Question

Two stones of masses $m$ and $2m$ are whirled in horizontal circles, the heavier one in a radius, $\dfrac{r}{2}$ and the lighter one in radius, $r$. The tangential speed of lighter stone is $n$ times that of the value of heavier stone when they experience same centripetal forces. Find the value of $n$?
A. $1$
B. $2$
C. $3$
D. $4$

Answer 1

Hint: In the question, the relation between the mass, radius and speed of the two stones are given. When the centripetal forces of the two stones are equal in the given condition, by substituting the given relation in the centripetal relation, the value of $n$ can be calculated.

Useful formula:
The centripetal force on the object revolving with the radius,
$C.F = \dfrac{{m{v^2}}}{r}$
Where, $C.F$ is the centripetal force of the object, $m$ is the mass of the object, $v$ is the velocity of the object and $r$ is the radius in which the object rotates.

Given data:
The mass of the first stone is $m$
The mass of the second stone is $2m$
The radius of the rotation of the first stone is $r$
The radius of the rotation of the second stone is $\dfrac{r}{2}$
The speed of the first stone is ${v_1}$
The speed of the second stone is ${v_2}$

Complete step by step solution:
From the question, it is clear that the two stones have the same centripetal force.
Thus,
$C.{F_1} = C.{F_2}\;....................................\left( 1 \right)$
Where, $C.{F_1}$ is the centripetal force of the first stone and $C.{F_2}$ is the centripetal force of the second stone.

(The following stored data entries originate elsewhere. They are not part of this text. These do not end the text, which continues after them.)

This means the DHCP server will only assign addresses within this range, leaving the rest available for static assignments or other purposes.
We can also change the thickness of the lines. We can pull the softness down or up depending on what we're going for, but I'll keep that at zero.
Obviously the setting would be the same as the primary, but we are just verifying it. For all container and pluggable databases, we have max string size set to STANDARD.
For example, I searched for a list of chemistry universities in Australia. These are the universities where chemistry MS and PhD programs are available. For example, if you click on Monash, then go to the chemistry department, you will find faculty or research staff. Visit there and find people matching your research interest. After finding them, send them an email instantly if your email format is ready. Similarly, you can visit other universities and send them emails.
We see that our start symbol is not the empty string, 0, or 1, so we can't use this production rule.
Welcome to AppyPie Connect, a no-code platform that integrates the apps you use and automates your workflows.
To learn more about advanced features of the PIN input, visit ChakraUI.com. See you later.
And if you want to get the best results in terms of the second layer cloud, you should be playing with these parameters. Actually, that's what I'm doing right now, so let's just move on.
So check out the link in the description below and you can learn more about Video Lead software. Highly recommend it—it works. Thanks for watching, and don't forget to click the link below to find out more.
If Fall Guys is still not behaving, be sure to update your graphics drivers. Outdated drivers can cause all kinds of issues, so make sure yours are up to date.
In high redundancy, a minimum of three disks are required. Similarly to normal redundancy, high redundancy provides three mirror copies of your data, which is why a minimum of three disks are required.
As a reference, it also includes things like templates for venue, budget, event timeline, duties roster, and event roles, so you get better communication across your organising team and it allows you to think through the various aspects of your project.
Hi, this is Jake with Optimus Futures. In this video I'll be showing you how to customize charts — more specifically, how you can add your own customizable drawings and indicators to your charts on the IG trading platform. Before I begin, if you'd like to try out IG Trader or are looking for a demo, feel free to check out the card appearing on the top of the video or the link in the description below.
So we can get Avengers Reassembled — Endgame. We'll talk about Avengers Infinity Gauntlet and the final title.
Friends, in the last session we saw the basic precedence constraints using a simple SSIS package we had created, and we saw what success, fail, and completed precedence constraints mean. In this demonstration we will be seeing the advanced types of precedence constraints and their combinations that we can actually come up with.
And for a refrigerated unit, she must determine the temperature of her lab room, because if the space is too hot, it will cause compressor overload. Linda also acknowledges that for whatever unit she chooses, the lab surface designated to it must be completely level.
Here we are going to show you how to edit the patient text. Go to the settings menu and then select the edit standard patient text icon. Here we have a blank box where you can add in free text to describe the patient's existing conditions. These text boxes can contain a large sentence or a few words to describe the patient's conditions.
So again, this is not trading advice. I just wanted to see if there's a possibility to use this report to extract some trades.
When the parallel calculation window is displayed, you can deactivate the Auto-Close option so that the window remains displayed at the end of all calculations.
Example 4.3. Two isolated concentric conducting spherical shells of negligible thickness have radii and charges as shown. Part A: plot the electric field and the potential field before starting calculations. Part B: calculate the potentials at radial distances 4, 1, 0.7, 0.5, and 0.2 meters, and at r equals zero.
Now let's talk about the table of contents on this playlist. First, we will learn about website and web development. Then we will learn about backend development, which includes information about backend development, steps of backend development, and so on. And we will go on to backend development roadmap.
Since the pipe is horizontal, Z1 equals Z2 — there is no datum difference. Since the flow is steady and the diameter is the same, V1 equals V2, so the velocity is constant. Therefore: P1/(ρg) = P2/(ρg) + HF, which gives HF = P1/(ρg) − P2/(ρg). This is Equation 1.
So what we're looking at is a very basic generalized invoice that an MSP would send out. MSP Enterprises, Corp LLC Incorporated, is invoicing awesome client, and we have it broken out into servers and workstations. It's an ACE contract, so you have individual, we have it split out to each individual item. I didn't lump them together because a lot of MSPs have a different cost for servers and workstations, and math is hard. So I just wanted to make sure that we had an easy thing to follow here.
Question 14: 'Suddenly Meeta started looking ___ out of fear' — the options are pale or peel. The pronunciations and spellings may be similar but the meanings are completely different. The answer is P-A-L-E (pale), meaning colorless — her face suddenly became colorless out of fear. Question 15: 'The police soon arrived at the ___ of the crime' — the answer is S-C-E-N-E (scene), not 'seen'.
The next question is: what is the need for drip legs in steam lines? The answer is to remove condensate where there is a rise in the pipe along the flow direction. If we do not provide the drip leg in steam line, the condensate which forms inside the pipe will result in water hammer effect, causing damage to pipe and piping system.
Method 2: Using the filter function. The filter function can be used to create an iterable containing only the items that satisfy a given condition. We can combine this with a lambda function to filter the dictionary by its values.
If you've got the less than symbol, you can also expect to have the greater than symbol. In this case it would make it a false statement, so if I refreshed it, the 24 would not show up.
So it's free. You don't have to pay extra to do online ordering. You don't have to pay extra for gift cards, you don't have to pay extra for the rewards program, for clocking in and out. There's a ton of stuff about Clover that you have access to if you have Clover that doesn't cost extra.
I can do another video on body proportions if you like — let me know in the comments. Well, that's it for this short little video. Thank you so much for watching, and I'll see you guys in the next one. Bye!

The centripetal force on first stone,
$C.{F_1} = \dfrac{{m{v_1}^2}}{r}$

The centripetal force on second stone,
$C.{F_2} = \dfrac{{2m{v_2}^2}}{{\left( {\dfrac{r}{2}} \right)}}$
Substitute the values in equation (1), we get
$\dfrac{{m{v_1}^2}}{r} = \dfrac{{2m{v_2}^2}}{{\left( {\dfrac{r}{2}} \right)}}\;..............................................\left( 2 \right)$
It is also given in the question; the speed of the first stone is $n$ times the speed of the second stone.
Thus,
${v_1} = n{v_2}$
Substitute the above relation in equation (2), we get
$
  \dfrac{{m{{\left( {n{v_2}} \right)}^2}}}{r} = \dfrac{{2m{v_2}^2}}{{\left( {\dfrac{r}{2}} \right)}}\; \\
  \dfrac{{m{{\left( {n{v_2}} \right)}^2}}}{r} = \dfrac{{4m{v_2}^2}}{r}\; \\
  {\left( {n{v_1}} \right)^2} = 4{v_2}^2 \\
 $
Taking square root on both sides, we get
$
  \sqrt {{{\left( {n{v_2}} \right)}^2}} = \sqrt {4{v_2}^2} \\
  n{v_2} = 2{v_2} \\
  n = 2 \\
 $

Hence, the option (B) is correct.

Note: The stone with the higher mass tends to rotate in less radius compared to the stone of lower mass. That makes the velocity of the lighter stone is more than the heavier one. Since the mass, the radius parameter between the two stones are doubled and half respectively. The velocity value of lighter mass gets doubled than heavier one.